After forming the anode 115 on the mandrel 110, the anode 115 is isolated, as shown in FIG. 4. Typically, the mandrel 110 is removed by etching the mandrel 110 and the anode 115 assembly in an acid solution, such as hydrofluoric acid. Other methods for removing the mandrel 110 may also be used, as long as the removal methods do not adversely affect the anode 115. The isolated anode 115 may then be cut, for example, by laser, to the desired size and may be cleaned, for example, using sulfo-chromic, nitric or sulfuric acid, to remove contaminants.

The anode 115 is then prepared to be coupled to the housing 125. A secondary mandrel 120 is positioned on the anode 115, as shown in FIG. 5. The secondary mandrel 120, including two pieces 120a and 120fc, is configured so as to selectively cover the anode 115, allowing the housing 125 to couple to the anode 115 and to define a vacuum chamber. Typically, the secondary mandrel parts 120a and 120fc are cylindrical members with center portions removed to accommodate the anode 115. The secondary mandrel 120 can be made of a variety of materials, for example, silicon, tantalum, molybdenum, tungsten, titanium, or other appropriate materials which do not react with diamond and are easily removed after forming the housing 125, for example, by etching with an acid.
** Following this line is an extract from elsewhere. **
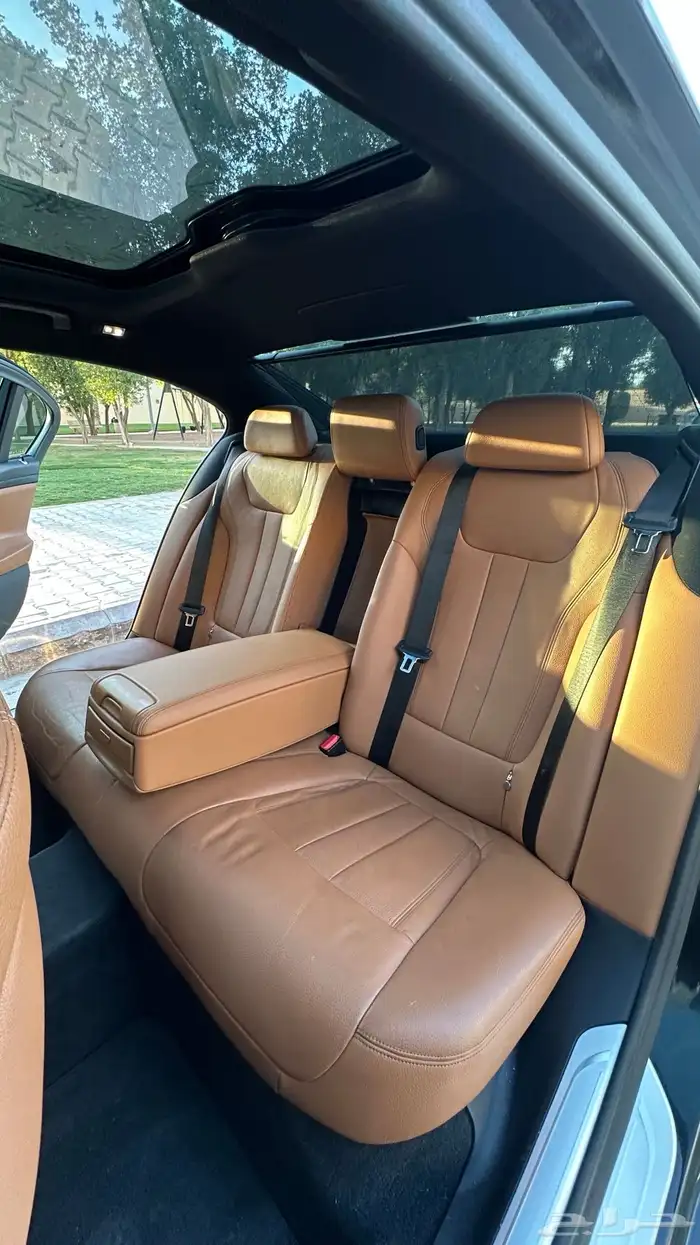 للبيع بي ام 730 Li موديل 2018 منوة المستخدم 39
The housing 125 is formed, as shown in FIG. 6. The housing 125 is coupled to a portion of the anode 115 and defines, in part, the shape of the X-ray vacuum chamber. The housing 125 typically has a cylindrical or tubular shape, such that it can be inserted into a patient's body to deliver X-ray radiation, although other configurations are possible and contemplated by this invention. The length of the housing 125 can range, for example, from 3 to 10 millimeters. The thickness of the housing walls 125 can range, for example, from 150 to 300 microns. Different sizes of housings may be used depending on the purposes of the device to be manufactured. The housing is made of insulating diamond with electrical resistivity typically higher than lxlO12 ohm-cm, for example.
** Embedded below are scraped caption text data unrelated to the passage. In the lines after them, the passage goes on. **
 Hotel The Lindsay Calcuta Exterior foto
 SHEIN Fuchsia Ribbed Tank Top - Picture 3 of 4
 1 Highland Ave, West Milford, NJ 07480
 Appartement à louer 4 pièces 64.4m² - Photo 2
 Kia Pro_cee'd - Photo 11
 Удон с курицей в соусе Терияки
The housing 125 is formed, typically, by chemical vapor deposition. Deposition of diamond is well-described in "Cylindrically Symmetric Diamond Parts by Hot-Filament CVD," Diamond and Related Materials, Volume 6, pages 1707-1715 (1997), written by T. R. Anthony, and in the book Diamond Films and Coatings, Editor Robert F. Davis, Noyes Publication, 1993, which were previously incorporated herein by reference in their entirety. CVD can be performed by General Electric and other manufacturers.
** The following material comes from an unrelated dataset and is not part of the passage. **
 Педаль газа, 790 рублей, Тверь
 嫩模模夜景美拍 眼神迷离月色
After the diamond housing 125 is formed, the housing 125 may be further treated. For example, the housing 125 may be annealed in air at a temperature of about 700° C. to 1000° C. for one-quarter to one hour in order to increase the electrical resistivity of the structure. The interior surface of the diamond housing 125 may also be treated in order to increase electrical resistivity of that surface. Etching of the inner surface with an acid, such as sulfo-chromic acid, increases the electrical resistivity and therefore helps reduce the risk of a short in the X-ray emitter due to a discharge between the high-potential anode and the cathode which is at a low potential. Heat treatment of diamond is described in M. I. Landstrass and K. V. Ravi, "Resistivity of Chemical Vapor Deposited Diamond Films," Applied Physics Letters, 55(10), Sep. 4, 1989, which is incorporated herein in its entirety.